Creating a certificate is a two-step process:
1. We need to generate the Certificate Request.
2. We need to sign the request with the CA's signature.
Let's see these steps in detail.
There are a few methods for create certificate. We could use shell command from openssl toolkit and CA.pl script whick ask us about all needed info.
In this topic we'll use CA.pl but in topic about self signed certificate we'll use command line for diversity.
To generate a new request we will run CA.pl -newreq
$ /usr/lib/ssl/misc/CA.pl -newreq Generating a 2048 bit RSA private key ..................................................................................................................................+++ .............................+++ writing new private key to 'newkey.pem' Enter PEM pass phrase: Verifying - Enter PEM pass phrase: ----- You are about to be asked to enter information that will be incorporated into your certificate request. What you are about to enter is what is called a Distinguished Name or a DN. There are quite a few fields but you can leave some blank For some fields there will be a default value, If you enter '.', the field will be left blank. ----- Country Name (2 letter code) [AU]:UA State or Province Name (full name) [Some-State]:Kyiv Locality Name (eg, city) :Kyiv Organization Name (eg, company) [Internet Widgits Pty Ltd]:home Organizational Unit Name (eg, section) : Common Name (e.g. server FQDN or YOUR name) :Chyrkov Oleksandr Email Address :firstname.lastname@example.org Please enter the following 'extra' attributes to be sent with your certificate request A challenge password : An optional company name : Request is in newreq.pem, private key is in newkey.pem
Now we should have two files in the CA directory:
One called newreq.pem, which contains a base-64 encoded representation of which contains a base-64 encoded representation of
our certificate request.
One called newkey.pem, which contains the base-64 encoded private key
We are now ready to move on to the second step.

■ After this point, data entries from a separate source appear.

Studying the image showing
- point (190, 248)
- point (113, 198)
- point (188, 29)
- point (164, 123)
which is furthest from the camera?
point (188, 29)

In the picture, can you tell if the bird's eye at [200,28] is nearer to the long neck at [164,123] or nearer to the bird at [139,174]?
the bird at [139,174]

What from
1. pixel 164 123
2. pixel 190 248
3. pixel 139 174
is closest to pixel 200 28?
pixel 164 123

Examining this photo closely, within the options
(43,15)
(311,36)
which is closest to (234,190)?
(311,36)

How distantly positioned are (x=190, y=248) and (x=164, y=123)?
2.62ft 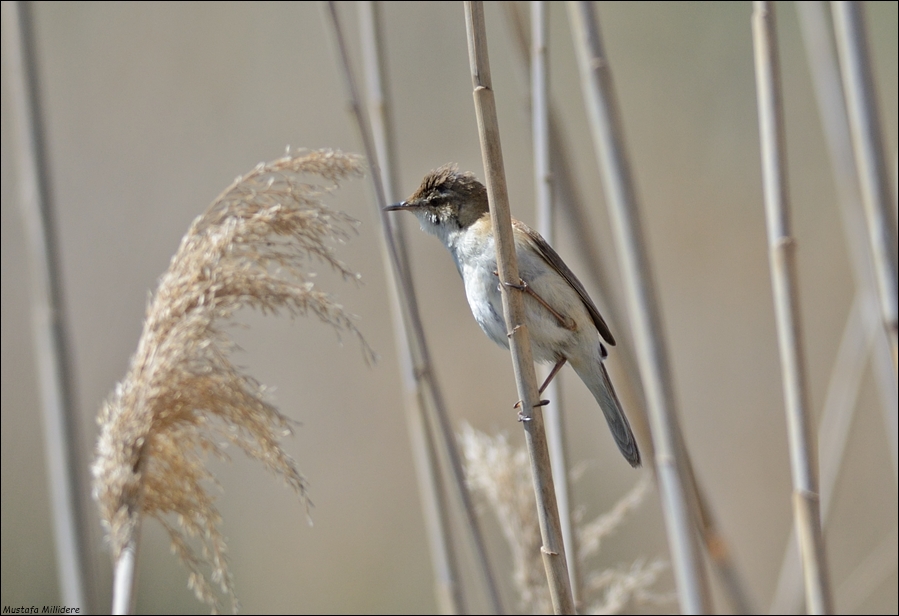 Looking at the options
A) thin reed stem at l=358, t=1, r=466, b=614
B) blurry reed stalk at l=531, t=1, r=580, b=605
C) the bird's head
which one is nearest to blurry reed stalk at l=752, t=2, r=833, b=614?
blurry reed stalk at l=531, t=1, r=580, b=605

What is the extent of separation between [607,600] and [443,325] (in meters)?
1.91

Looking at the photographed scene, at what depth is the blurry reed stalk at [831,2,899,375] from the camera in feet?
5.25

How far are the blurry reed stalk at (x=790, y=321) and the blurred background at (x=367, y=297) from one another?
1.88 metres

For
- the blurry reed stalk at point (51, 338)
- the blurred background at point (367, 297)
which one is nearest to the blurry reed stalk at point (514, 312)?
the blurry reed stalk at point (51, 338)

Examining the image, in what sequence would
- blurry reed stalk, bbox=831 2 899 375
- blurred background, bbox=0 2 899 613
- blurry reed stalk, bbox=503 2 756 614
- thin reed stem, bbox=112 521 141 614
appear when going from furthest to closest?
1. blurred background, bbox=0 2 899 613
2. blurry reed stalk, bbox=503 2 756 614
3. blurry reed stalk, bbox=831 2 899 375
4. thin reed stem, bbox=112 521 141 614

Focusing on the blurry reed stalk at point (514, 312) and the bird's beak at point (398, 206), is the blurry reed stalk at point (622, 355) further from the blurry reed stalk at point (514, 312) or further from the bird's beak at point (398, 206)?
the blurry reed stalk at point (514, 312)

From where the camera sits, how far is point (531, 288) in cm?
175

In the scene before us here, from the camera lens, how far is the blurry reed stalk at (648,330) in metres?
1.54

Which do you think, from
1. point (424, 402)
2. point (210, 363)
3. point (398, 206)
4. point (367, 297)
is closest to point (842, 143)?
point (398, 206)

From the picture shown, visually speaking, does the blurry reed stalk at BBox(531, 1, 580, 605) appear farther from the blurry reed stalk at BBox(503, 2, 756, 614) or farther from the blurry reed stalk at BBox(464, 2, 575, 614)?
the blurry reed stalk at BBox(464, 2, 575, 614)

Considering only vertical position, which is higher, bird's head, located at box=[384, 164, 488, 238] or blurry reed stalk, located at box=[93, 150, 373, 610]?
bird's head, located at box=[384, 164, 488, 238]

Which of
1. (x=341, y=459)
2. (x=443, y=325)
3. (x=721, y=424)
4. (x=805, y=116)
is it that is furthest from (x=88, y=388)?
(x=805, y=116)

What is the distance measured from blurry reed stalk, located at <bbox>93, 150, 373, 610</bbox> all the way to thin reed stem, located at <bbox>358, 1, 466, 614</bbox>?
49 centimetres

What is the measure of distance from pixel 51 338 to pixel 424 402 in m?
0.86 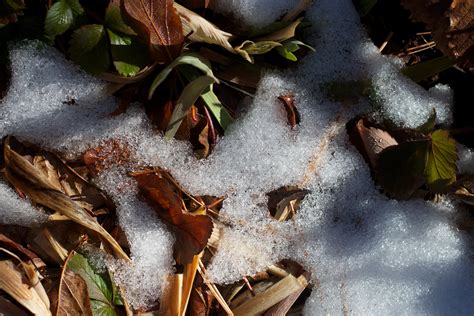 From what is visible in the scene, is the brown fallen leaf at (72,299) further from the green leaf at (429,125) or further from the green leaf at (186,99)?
the green leaf at (429,125)

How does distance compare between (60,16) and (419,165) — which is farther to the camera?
(419,165)

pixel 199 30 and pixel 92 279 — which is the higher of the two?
pixel 199 30

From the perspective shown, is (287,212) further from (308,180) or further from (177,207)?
(177,207)

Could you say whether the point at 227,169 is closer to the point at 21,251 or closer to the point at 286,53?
the point at 286,53

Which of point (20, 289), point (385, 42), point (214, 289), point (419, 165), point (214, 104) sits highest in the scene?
point (385, 42)

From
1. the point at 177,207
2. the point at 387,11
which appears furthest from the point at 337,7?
the point at 177,207

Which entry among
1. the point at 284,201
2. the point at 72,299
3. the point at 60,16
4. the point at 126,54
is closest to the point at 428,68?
the point at 284,201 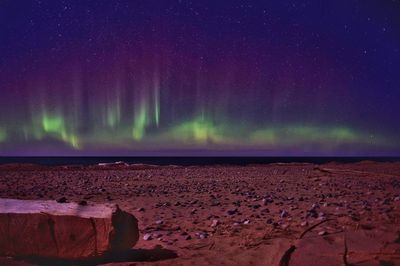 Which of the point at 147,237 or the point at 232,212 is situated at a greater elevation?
the point at 232,212

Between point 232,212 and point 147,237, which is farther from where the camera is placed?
point 232,212

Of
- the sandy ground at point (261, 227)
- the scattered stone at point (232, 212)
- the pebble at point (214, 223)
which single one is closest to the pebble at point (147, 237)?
the sandy ground at point (261, 227)

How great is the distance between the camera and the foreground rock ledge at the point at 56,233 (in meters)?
5.14

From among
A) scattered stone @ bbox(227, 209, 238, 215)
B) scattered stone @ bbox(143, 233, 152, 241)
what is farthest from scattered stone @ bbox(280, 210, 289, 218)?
scattered stone @ bbox(143, 233, 152, 241)

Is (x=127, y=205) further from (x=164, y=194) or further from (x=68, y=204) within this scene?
(x=68, y=204)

Now we should sign our new certificate:
$ /usr/lib/ssl/misc/CA.pl -signreq Using configuration from /usr/lib/ssl/openssl.cnf Enter pass phrase for ./demoCA/private/cakey.pem: Check that the request matches the signature Signature ok Certificate Details: Serial Number: 9914801594685885159 (0x89987384fdba8ae7) Validity Not Before: Dec 2 10:33:39 2013 GMT Not After : Dec 2 10:33:39 2014 GMT Subject: countryName = UA stateOrProvinceName = Kyiv localityName = Kyiv organizationName = home commonName = Chyrkov Oleksandr emailAddress = email@example.com X509v3 extensions: X509v3 Basic Constraints: CA:FALSE Netscape Comment: OpenSSL Generated Certificate X509v3 Subject Key Identifier: 39:76:C6:A5:0D:A5:E3:10:CA:A1:BB:92:26:31:CE:9A:88:9D:18:81 X509v3 Authority Key Identifier: keyid:D4:54:8E:BD:6B:3E:E5:4D:6D:30:77:71:B8:E9:31:CF:A2:DF:6F:1F Certificate is to be certified until Dec 2 10:33:39 2014 GMT (365 days) Sign the certificate? [y/n]:y 1 out of 1 certificate requests certified, commit? [y/n]y Write out database with 1 new entries Data Base Updated Signed certificate is in newcert.pem
Once the changes are committed a new file will be created, named newcert.pem.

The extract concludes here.